◆ What to produce:
Omit the pictures and reproduce the rest of the listing exactly.

◆ Recorded data:
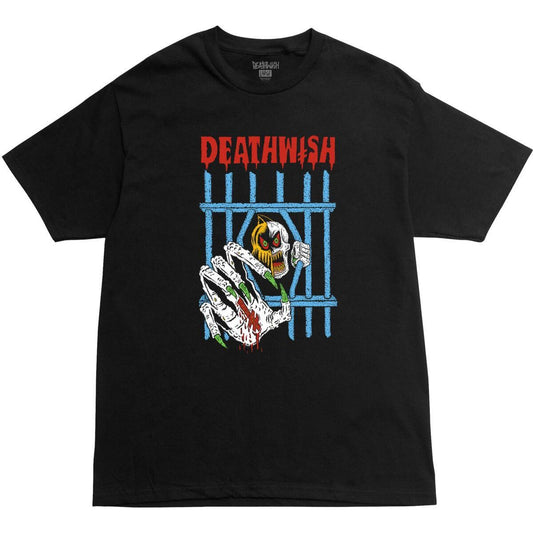 Deathwish Spookies T-Shirt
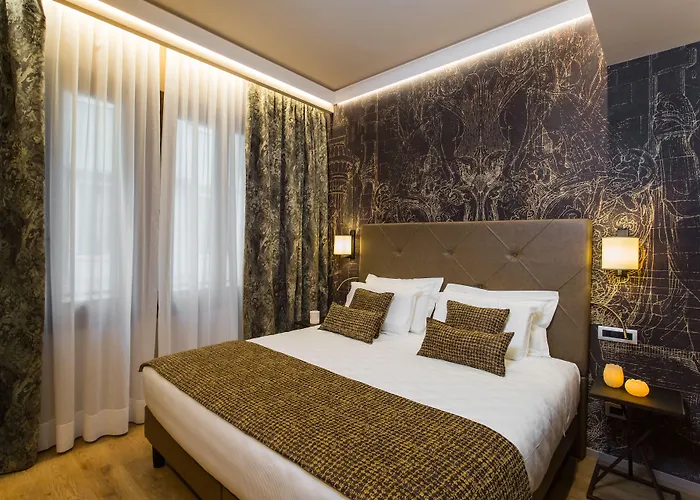 Hotel Maggior Consiglio 2*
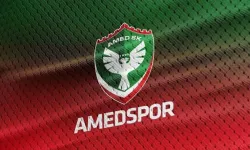 Raşit Ocak’tan Amedspor taraftarlarına kardeşlik çağrısı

◆ Task response:
 Deathwish Spookies T-Shirt
 Hotel Maggior Consiglio 2*
 Raşit Ocak’tan Amedspor taraftarlarına kardeşlik çağrısı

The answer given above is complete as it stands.